Short web captions
- Opening Delimiter -
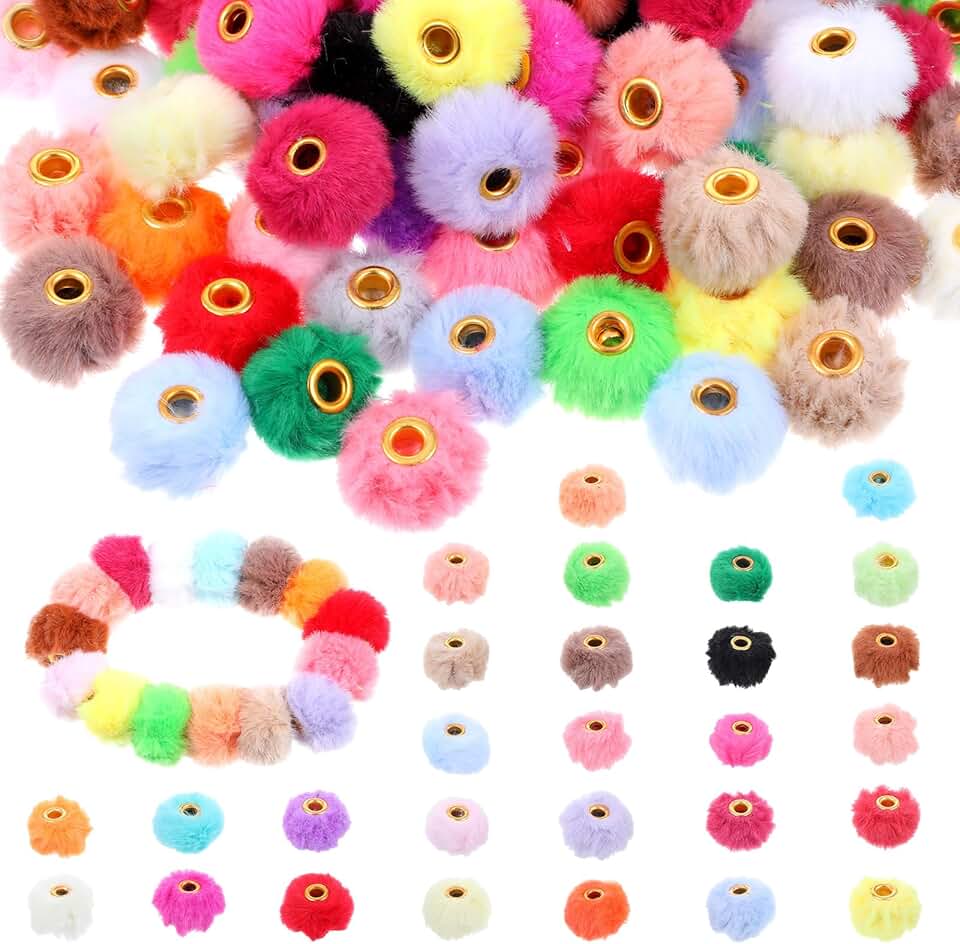 200 Fluffy Pom Pom Beads for DIY Crafts and Accessories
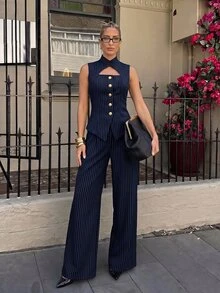 Lumalex New Hollow Out Sleeveless Metal Buckle Decor Top And Slimming Straight Leg Pants 2 Pieces Set - Navy Blue - View 4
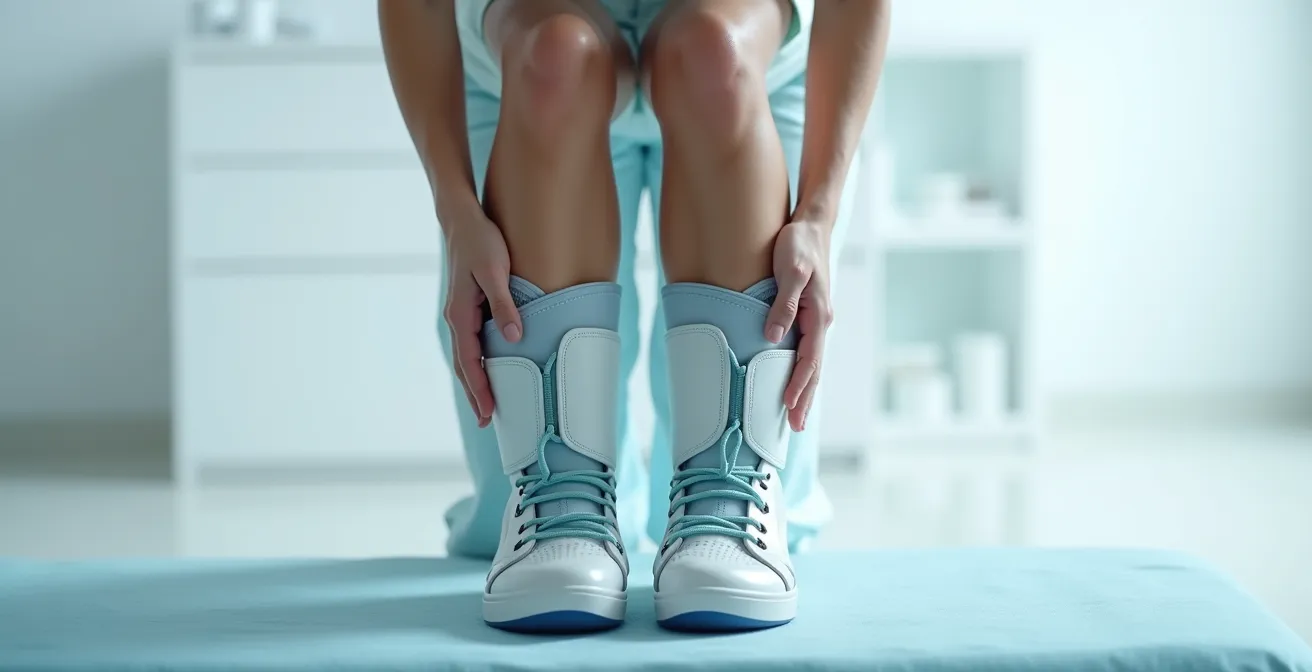 Comparación visual entre técnica manual y botas de presoterapia en tratamiento de piernas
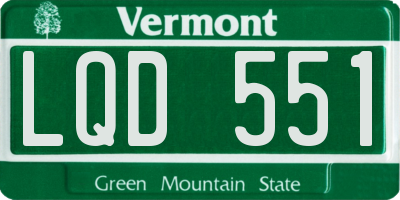 VT license plate LQD551
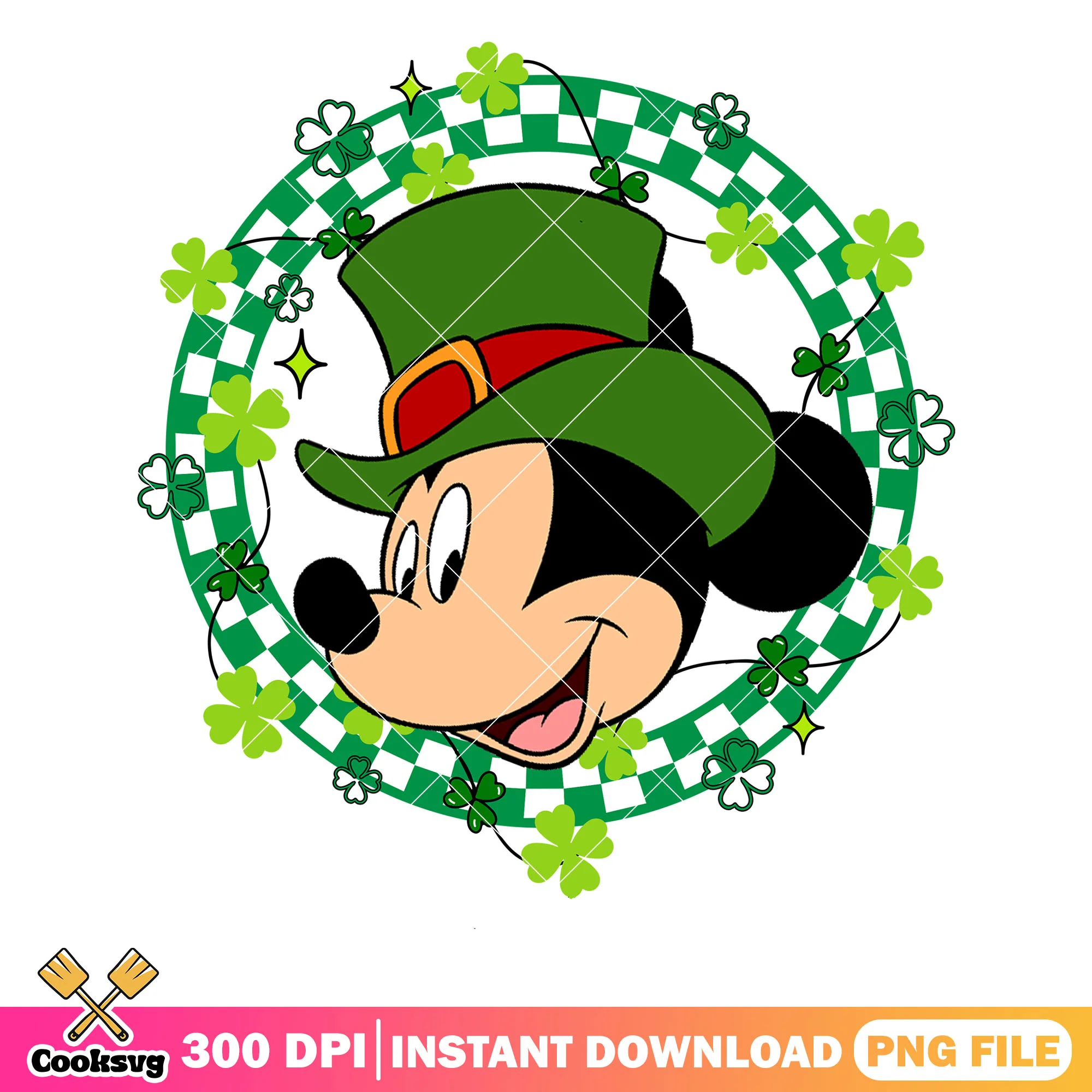 Mickey mouse disney lucky circle png, saint patrick day png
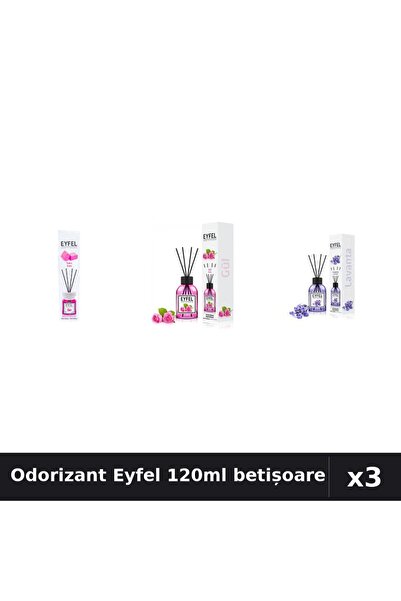 Eyfel Set 3 Odorizant Cameră cu Betișoare 120ml - Bubble Gum, Trandafir, Lavandă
- Closing Delimiter -
What you are asked to do
Repeat every record above exactly, except the pictures.

Result
 200 Fluffy Pom Pom Beads for DIY Crafts and Accessories
 Lumalex New Hollow Out Sleeveless Metal Buckle Decor Top And Slimming Straight Leg Pants 2 Pieces Set - Navy Blue - View 4
 Comparación visual entre técnica manual y botas de presoterapia en tratamiento de piernas
 VT license plate LQD551
 Mickey mouse disney lucky circle png, saint patrick day png
 Eyfel Set 3 Odorizant Cameră cu Betișoare 120ml - Bubble Gum, Trandafir, Lavandă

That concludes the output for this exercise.